I guess the main problem here is that a lot of what is considered romantic and swoonworthy in the Anglo-American part of the world, not just doesn’t do a thing for me, I actively dislike it. And I only wrote Anglo-American, because E.L. James, author of Fifty Shades of Grey, is British. But mainly, books like Fifty Shades of Grey or Harlequin Presents (which have several British authors as well) or the rapetastic bodicerippers of yesteryear are an American phenomenon and reflect the conflicted American attitudes about sexuality, namely that the only way a woman is allowed to enjoy sex without being labeled a slut is if she’s forced into it by an overpowering man. The old bodiceripper style romances were never as popular in Europe (including the UK) as in the US and most European readers I have spoken to actively hated them.
The third is from acrackedmoon at Requires Only That You Hate. The language is strong and I'm sure we could all think of romances which would serve as counter-examples. That doesn't invalidate her critique though: if anything, her "hatred and geekrage" seems to me to demonstrate the extent of the pain which romances can cause some people:
I don’t know about other queer women, but to me the prevalence of romance–not as a genre by itself, but romance as a pop-culture entity–fucked me up pretty severely [...] if you’re telling me that romance is categorically feminist, you’re contributing to this large damage in an insidious, silencing way. The proponents of romance-is-feminist school of thought like to pass such fiction off as inherently progressive because it is written mostly by women and targets women as an audience: it pushes the idea that reading these books is liberating and sex-positive and, what’s more, reading them is good for you.
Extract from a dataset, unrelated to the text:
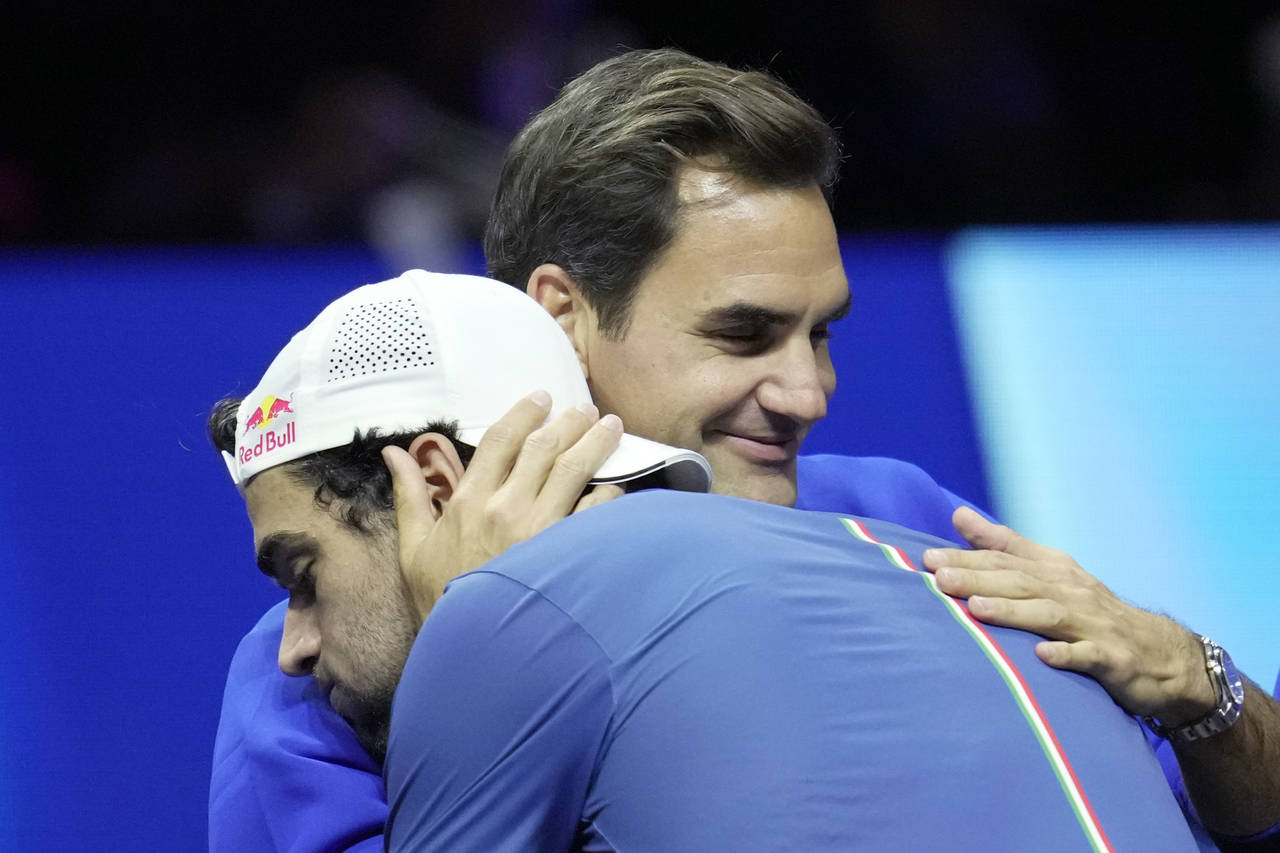 Team Europe's Matteo Berrettini, of Italy, celebrates with Roger Federer of Switzerland, after winn...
Because feminism! Liberation from the yoke of repression and sexual dissatisfaction!

Tell me this and I’ll kick you in the fucking teeth.

Yes, romance presents possibilities: as long as those possibilities involve finding a man. Yes, romance explores and depicts female desire: as long as that is a desire to have a cock shoved into your orifices. Yes, romance is about the “everywoman” whom we can all identify with as long as you can identify with a straight white woman from the first world. It reinforces the hegemony of what is normal, and what’s normal is straight sex, straight female desire, centering your life around the fantasy man, and being culturally rooted in the west. Romance enforces the hegemony of ethnocentricism, heteronormativity, and cultural imperialism. It’s not the only thing that does this: so does SFF, so does every other form of popular media.
Acrackedmoon is aware of the existence of lesbian and m/m romance; there are romances about people other than straight white women from the first world. Just, not a lot of them. Taken as a whole, popular romance fiction does marginalise certain kinds of stories and certain kinds of protagonists.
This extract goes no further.